Could you guys give me some details on the crankarms below? I am a fan of nice square taper crankarms such as RaceFace Turpines (my current favorite) and the older Shimano XT M730s, but I am having a hard time finding such cranks for my newer bike projects. I just do not like the current crop of outboard and splined bearings. 

I recently acquired these three sets of "Kooka" crankarms that looked nice and they are all obviously square taper which I was after. The funky ano seems to indicate that they are probably of an older vintage, so I hoped some of you guys would know about their quality. 

I searched this forum and found some discussion about forged vs. CNC but I do not know which these are. All three sets do have what looks like a removable chainring spider. Also, I weighed the silver set and they weighed in at 438 grams for the set. The silver set is 94bcd and the other two sets are 110bcd.

I have attached a pic of the 110bcd RaceFace cranks that I am currently using, and like very much, for your comparison.

Thanks for any help you can provide. 

LP


----------



## imridingmybike (Jan 16, 2005)

lanpope said:


> Could you guys give me some details on the crankarms below? I am a fan of nice square taper crankarms such as RaceFace Turpines (my current favorite) and the older Shimano XT M730s, but I am having a hard time finding such cranks for my newer bike projects. I just do not like the current crop of outboard and splined bearings.
> 
> I recently acquired these three sets of "Kooka" crankarms that looked nice and they are all obviously square taper which I was after. The funky ano seems to indicate that they are probably of an older vintage, so I hoped some of you guys would know about their quality.
> 
> ...


I'm with you on the square taper! I'm putting a pair of turbines on my new xc bike. The ISIS and even X-Types don't hold a candle, durability wise.

I think your purple Kooka's are their xc crank, the silver and rainbow were the DH crank (i think).

I broke a pair of the XC's just before they went o forging - but if you're an XC type, you should be fine.

Good luck!


----------



## DeeEight (Jan 13, 2004)

They're also all US-made vintage which means 7075-T6 Al. The canadian owned kooka were the ones who switched to forging the things and switched to 7129-T6 Al.

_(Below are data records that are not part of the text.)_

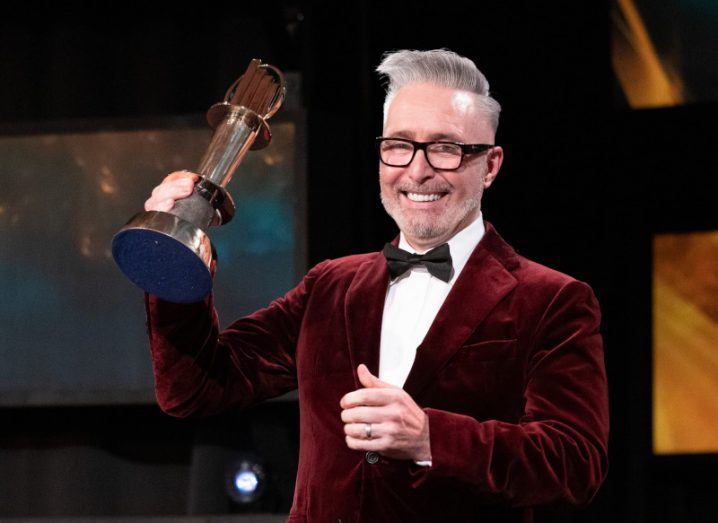 Martin McKay of Texthelp holds up his award for EY Entrepreneur of the Year 2022.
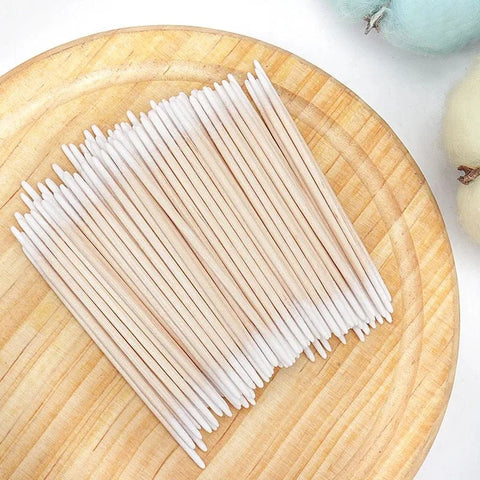 White sticks on a wooden surface with a blurred background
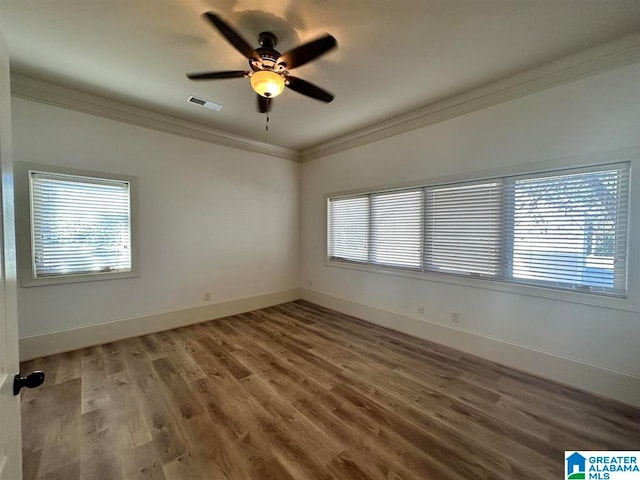 unfurnished room featuring hardwood / wood-style flooring, ornamental molding, and a wealth of natural light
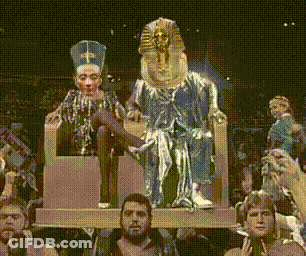 People Sitting In Front Of King And Queen Statue GIF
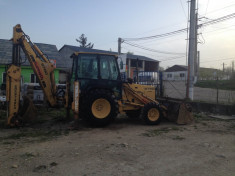 Buldoexcavator Ford New Holland foto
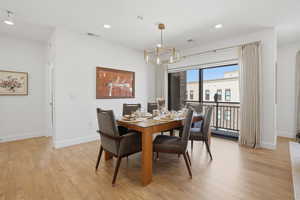 Dining space with suspended lighting and light wood-style floors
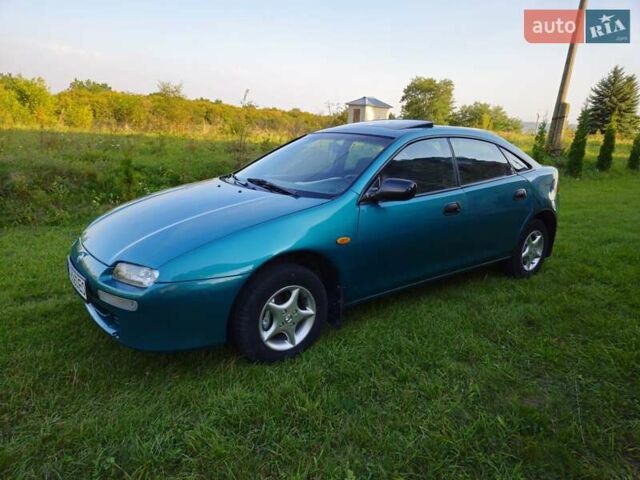 Зеленый Мазда 323, объемом двигателя 1.49 л и пробегом 359 тыс. км за 3199 $, фото 3 на Automoto.ua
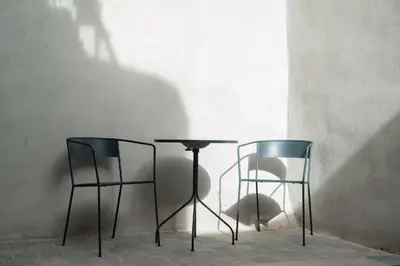 two chairs and a table in a room at Bouquerie Lagrasse in Lagrasse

The middle pair also looks to have the double inner ring bolt pattern drilled spider, which means a 110mm mid/out, 74mm inner and also a 56mm (Suntour Microdrive) inner.


----------



## lanpope (Jan 6, 2004)

Thanks for the info guys. I knew you all would have the scoop on the cranks. So how are they durability wise? The first poster said he broke a pair and cranks are NOT a component I want to break while I am riding (scary). I only weight about 155lbs w/ gear but I ride a pretty good bit. Would I be better off just eBaying these, and continuing to search for some RaceFaces? Does the ano coloring give them any kind of novelity in the market, or are they just seen as old and fragile?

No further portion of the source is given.